The new stock market week opens with a positive tone for Piazza Affari. The Ftse Mib index closed with + 0.81% at 21,382 points. Among the titles in the dust some banks stand out (+ 3.15% Banco BPM, + 2.59% Bper, + 1.98% Unicredit and + 1.69% Intesa) with the expectation in the coming days of the quarterly results of the main big banking. The first to test accounts will be Unicredit cda tomorrow and circulation accounts the next day).

On the other hand, TIM’s weakness is confirmed (-2.69% to 0.21 euros) which at the start of the day slipped to new historical intraday lows of 0.2074 euros. The fall of the Draghi government has put pressure on the Italian telecommunications system with the market fearing a new abrupt halt to the single network project.
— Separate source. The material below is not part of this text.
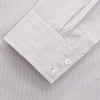 View 3 of product The Turnbull & Asser Sandstone Multi Stripe Cotton Tailored Fit Shelton Shirt features subtle vertical stripes, a pointed collar, and long sleeves, shown flat on a plain white background.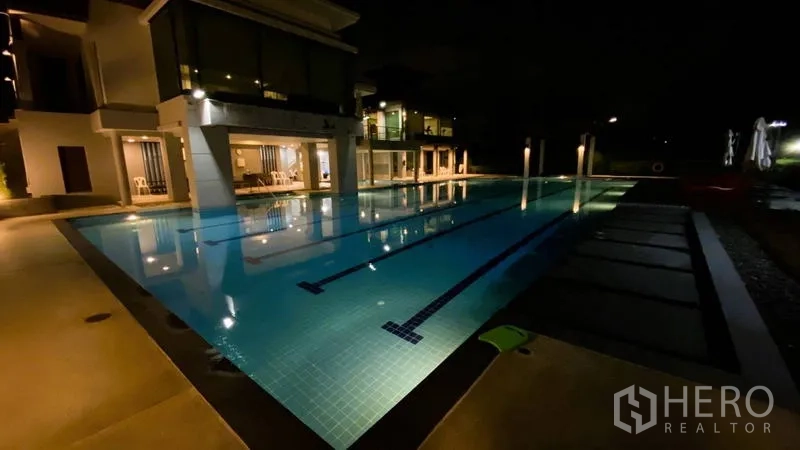 Detached House for rent in Bang Kapi, Bangkok - Night view of illuminated communal swimming pool and clubhouse.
Piazza Affari is back from a week up (+ 1.33%) even if with a clear underperformance compared to the other main world stock exchanges (Nikkei + 4% Nasdaq 3.3%, Dax + 3% in the last 5 sessions) thanks to the government crisis that resulted in Draghi’s resignation and early elections. Today we report the widening of the Italy-Greece spread with the Italian ten-year BTP which has reached 31 bps more than the Greek ten-year counterpart.

This week the spotlight is on the Fed which is expected to announce a new rate hike of 75 basis points on Wednesday evening. A hawkish surprise – a jumbo 100bp hike – now looks less likely after several members have made statements over the past two weeks. We think the Fed will raise rates and cause severe damage to growth before it reverses direction – BlackRock experts assert that it expects greater volatility until central banks take the stark trade-off between growth and inflation they are facing. “Central banks think they can curb inflation and cause only a slight slowdown, which is actually unlikely,” BlackRock explains in his weekly market commentary.